C’est pourquoi la FMQ travaille aussi à trouver de nouvelles sources de financement incluant la possibilité de mettre sur pied un projet de « Bureau du motocylisme » qui agirait comme guichet unique de services et comme organisme de représentation et de recommandation auprès des ministères concernés. Le MTQ est le principal interlocuteur pour ce projet, mais la SAAQ est également concernée par cette démarche. Par ailleurs, si ce projet fonctionne, la collaboration de la FMQ serait vraisemblablement axée sur la gestion et la promotion de programmes de prévention et de sécurité, mais à ce stade rien ne garantit qu’elle serait capable d’en tirer un revenu indirect pour le financement de ses opérations et la pérennité de sa mission.
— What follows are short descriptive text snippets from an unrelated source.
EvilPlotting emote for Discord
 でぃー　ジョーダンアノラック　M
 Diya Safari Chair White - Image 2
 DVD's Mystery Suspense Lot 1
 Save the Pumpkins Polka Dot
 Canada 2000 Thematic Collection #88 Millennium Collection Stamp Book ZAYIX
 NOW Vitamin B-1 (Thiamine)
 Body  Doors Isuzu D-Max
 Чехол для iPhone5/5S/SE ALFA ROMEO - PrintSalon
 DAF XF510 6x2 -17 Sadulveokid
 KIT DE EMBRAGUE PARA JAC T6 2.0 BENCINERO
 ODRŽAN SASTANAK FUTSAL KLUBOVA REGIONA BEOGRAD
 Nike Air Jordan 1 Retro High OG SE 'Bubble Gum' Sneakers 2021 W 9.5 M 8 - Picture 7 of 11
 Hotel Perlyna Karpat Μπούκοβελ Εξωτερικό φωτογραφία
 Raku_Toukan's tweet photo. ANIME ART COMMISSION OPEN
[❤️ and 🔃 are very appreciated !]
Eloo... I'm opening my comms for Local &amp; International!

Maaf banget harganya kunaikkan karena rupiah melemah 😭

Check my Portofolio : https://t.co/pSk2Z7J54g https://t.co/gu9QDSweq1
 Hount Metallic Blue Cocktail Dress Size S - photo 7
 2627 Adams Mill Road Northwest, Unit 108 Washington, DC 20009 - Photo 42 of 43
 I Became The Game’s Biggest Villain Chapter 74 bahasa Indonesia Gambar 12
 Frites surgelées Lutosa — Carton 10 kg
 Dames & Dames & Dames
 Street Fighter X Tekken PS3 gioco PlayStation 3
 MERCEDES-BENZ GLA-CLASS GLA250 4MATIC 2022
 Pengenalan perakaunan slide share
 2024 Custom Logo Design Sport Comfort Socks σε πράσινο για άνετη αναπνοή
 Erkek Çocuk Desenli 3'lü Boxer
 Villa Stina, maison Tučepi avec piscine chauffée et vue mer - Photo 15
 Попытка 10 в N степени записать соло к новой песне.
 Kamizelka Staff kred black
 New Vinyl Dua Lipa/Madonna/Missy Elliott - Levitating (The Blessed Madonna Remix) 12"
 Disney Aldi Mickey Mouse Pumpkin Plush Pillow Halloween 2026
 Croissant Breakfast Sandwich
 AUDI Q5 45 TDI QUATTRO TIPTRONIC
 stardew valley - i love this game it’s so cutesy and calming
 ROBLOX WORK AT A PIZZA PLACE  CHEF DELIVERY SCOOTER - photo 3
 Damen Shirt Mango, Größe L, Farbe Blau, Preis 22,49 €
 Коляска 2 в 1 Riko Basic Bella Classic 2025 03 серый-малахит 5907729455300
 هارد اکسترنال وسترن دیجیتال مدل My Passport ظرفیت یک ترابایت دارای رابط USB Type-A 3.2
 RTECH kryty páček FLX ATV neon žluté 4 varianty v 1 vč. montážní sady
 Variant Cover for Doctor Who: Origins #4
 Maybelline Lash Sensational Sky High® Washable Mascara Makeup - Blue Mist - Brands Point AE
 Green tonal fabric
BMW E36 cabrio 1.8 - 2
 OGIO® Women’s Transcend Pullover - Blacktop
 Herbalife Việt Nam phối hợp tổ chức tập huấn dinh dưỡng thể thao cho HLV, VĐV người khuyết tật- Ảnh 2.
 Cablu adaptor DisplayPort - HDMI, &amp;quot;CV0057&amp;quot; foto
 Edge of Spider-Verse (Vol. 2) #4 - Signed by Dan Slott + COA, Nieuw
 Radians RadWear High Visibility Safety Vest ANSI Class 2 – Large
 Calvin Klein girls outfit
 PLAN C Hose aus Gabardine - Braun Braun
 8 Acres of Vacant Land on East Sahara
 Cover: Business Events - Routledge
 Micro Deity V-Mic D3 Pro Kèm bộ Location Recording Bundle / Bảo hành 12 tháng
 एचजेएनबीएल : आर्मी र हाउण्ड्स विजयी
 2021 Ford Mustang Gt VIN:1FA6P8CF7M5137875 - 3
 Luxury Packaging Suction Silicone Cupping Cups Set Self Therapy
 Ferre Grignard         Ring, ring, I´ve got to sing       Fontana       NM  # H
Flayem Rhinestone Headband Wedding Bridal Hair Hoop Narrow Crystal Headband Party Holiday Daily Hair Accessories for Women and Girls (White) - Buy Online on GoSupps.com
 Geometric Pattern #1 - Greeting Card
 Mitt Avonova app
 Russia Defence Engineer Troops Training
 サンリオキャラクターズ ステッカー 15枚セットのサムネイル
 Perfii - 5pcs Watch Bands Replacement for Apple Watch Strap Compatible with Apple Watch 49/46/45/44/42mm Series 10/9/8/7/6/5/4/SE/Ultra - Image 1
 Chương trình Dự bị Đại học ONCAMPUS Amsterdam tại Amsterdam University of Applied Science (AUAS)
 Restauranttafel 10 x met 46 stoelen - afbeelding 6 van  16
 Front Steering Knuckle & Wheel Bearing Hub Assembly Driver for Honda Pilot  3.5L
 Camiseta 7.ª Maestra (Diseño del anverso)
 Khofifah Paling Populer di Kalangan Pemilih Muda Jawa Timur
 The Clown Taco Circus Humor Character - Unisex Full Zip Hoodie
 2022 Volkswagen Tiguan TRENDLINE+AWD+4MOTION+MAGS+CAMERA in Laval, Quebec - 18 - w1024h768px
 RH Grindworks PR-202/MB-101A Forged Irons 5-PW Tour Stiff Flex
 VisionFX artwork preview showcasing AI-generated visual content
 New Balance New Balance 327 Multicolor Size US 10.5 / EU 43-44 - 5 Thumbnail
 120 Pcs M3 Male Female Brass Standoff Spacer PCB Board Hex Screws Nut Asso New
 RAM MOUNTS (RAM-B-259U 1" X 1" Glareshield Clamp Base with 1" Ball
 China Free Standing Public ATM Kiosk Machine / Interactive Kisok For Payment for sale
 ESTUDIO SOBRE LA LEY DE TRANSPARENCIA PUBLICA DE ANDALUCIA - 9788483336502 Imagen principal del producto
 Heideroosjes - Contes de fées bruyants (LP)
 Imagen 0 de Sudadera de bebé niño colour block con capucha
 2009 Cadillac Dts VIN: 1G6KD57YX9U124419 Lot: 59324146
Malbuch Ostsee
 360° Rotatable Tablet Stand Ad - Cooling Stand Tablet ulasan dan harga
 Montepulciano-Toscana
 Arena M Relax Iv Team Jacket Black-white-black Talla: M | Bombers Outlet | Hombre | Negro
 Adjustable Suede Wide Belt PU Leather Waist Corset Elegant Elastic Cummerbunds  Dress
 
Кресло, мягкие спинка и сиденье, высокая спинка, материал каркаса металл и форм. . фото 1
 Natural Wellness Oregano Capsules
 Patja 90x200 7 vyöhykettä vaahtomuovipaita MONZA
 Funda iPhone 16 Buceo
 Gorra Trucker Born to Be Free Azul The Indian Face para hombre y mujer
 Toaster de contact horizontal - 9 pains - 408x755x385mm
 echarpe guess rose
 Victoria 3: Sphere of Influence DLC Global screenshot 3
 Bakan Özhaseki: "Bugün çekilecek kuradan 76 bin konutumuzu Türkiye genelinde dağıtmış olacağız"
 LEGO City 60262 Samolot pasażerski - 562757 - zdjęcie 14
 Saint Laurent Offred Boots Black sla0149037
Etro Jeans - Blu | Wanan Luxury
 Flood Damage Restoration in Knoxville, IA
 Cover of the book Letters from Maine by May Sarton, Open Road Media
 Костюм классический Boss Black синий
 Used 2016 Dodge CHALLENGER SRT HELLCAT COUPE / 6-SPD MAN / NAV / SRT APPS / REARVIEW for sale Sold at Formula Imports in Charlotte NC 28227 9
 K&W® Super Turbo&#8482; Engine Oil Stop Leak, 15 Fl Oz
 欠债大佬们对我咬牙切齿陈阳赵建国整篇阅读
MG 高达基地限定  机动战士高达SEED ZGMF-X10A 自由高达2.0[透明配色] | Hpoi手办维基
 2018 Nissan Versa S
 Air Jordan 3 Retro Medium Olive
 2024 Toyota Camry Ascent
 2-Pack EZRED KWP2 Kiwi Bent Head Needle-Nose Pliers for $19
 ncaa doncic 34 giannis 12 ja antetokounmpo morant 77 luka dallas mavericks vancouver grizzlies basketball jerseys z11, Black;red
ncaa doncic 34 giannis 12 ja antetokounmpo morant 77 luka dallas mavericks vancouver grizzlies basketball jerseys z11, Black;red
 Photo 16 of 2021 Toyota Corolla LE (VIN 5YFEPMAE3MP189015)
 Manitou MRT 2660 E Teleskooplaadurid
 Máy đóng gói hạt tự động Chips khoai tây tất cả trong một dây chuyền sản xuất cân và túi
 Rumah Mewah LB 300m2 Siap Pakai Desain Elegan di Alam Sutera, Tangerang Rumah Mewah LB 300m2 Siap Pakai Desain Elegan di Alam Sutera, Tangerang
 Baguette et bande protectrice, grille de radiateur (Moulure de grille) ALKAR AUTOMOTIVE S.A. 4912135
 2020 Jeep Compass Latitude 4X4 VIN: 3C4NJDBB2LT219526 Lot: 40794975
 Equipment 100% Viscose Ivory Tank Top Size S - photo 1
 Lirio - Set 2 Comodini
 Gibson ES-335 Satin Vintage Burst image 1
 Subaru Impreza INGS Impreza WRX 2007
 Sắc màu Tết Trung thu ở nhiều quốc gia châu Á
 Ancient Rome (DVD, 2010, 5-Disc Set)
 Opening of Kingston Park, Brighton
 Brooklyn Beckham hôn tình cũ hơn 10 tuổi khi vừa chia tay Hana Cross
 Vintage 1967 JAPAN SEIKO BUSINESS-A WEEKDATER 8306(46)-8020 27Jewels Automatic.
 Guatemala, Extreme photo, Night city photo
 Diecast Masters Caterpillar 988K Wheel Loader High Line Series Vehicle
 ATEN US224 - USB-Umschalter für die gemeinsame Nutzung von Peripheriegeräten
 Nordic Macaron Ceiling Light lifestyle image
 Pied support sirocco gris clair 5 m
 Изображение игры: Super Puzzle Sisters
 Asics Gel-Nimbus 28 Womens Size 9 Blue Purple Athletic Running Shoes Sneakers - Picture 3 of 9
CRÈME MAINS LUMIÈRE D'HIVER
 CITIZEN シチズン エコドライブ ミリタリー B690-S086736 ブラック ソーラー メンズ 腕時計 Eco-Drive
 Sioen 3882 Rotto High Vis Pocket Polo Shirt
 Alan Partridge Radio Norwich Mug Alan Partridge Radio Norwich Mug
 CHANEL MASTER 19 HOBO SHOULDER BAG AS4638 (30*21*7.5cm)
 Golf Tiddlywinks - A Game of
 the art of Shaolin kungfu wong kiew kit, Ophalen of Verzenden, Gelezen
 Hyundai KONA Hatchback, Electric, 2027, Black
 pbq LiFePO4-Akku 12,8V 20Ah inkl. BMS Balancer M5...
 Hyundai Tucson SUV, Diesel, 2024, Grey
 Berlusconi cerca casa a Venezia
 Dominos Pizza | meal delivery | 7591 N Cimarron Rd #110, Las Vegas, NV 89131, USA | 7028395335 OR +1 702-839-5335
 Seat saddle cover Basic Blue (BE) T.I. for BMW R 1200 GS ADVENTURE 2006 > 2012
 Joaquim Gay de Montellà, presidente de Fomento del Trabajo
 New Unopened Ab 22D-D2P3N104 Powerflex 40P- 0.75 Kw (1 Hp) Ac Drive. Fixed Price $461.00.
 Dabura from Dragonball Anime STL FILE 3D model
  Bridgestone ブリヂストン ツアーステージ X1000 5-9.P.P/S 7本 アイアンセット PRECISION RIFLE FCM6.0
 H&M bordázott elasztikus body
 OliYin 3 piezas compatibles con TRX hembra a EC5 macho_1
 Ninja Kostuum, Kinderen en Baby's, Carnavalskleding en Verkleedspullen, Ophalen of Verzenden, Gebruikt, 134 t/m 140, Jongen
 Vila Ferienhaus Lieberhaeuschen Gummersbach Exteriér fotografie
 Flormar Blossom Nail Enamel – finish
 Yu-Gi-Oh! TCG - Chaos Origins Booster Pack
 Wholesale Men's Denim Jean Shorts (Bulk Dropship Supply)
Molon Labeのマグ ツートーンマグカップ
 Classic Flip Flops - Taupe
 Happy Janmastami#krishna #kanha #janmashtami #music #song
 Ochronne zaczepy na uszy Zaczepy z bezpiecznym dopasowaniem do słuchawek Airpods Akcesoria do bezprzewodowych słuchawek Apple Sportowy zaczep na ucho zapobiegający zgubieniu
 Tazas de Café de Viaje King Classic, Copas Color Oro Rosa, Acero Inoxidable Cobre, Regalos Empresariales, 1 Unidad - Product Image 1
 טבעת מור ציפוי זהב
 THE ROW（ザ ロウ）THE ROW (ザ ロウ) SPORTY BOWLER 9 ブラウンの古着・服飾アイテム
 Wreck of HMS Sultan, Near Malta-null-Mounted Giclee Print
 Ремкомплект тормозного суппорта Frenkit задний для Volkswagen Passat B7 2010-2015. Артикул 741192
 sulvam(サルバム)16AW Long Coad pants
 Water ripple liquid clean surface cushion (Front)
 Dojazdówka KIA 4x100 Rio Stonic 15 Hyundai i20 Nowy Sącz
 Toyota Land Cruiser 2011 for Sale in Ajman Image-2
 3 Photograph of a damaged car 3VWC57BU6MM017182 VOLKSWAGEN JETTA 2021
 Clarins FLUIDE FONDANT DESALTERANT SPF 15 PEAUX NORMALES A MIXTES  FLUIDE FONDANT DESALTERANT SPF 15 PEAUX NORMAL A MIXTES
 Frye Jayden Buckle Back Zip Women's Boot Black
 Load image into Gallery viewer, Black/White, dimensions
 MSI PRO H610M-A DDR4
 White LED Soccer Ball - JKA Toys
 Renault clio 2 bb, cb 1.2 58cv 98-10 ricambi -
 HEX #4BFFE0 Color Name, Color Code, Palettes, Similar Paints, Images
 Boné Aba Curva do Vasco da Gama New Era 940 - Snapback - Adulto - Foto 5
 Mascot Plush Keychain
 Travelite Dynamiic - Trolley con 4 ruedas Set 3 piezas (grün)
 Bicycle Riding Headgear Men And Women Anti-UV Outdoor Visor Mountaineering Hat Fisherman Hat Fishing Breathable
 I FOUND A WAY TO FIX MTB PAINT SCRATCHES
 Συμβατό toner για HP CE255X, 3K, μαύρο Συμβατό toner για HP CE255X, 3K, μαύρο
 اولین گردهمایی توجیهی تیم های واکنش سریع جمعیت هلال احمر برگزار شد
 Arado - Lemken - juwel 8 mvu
Au-delà de sa capacité à représenter une portion significative de la population des motocyclistes au sein d’un organisme officiel, l’avenir de la FMQ passe aussi en partie par la mise en place de moyens susceptibles d’aider les dirigeants d’association à recruter leurs membres au sein des nouvelles générations de motocyclistes, à planifier la relève et à trouver les moyens de maintenir leur base de membres en dépit des tendances à l’individualisme. Un soutien à l’amélioration des relations serait certainement fort utile entre la direction de la FMQ et la base, mais il ne faut pas oublier que cela implique aussi que les associations transmettent leurs contenus et adoptent de bonnes pratiques de communications pas seulement avec leurs membres mais aussi avec les directions régionales pour faire remonter l’information.
En complément de la plate-forme YAPLA du site fmq.ca qui propose aux associations et aux futurs membres de s’inscrire de façon aisée et pratique, il faut aussi valoriser l’utilisation des nouvelles technologies pour rejoindre de nouveaux membres. Il faudrait possiblement mettre de l’avant que la vie sociale proposée par les associations a une valeur et une richesse unique en soi. Si les individus qui s’organisent par eux-mêmes font des excursions rapides et souvent improvisées, peut-être que les associations auraient intérêt à mettre en valeur leur capacité à organiser des randonnées plus structurées, souvent des randonnées de plusieurs jours ou même des voyages de moto. Les associations fédérées offrent généralement un environnement plus sécuritaire pour certains motocyclistes qui aiment rouler en plus grande formation incluant un encadrement avec un responsable sécurité.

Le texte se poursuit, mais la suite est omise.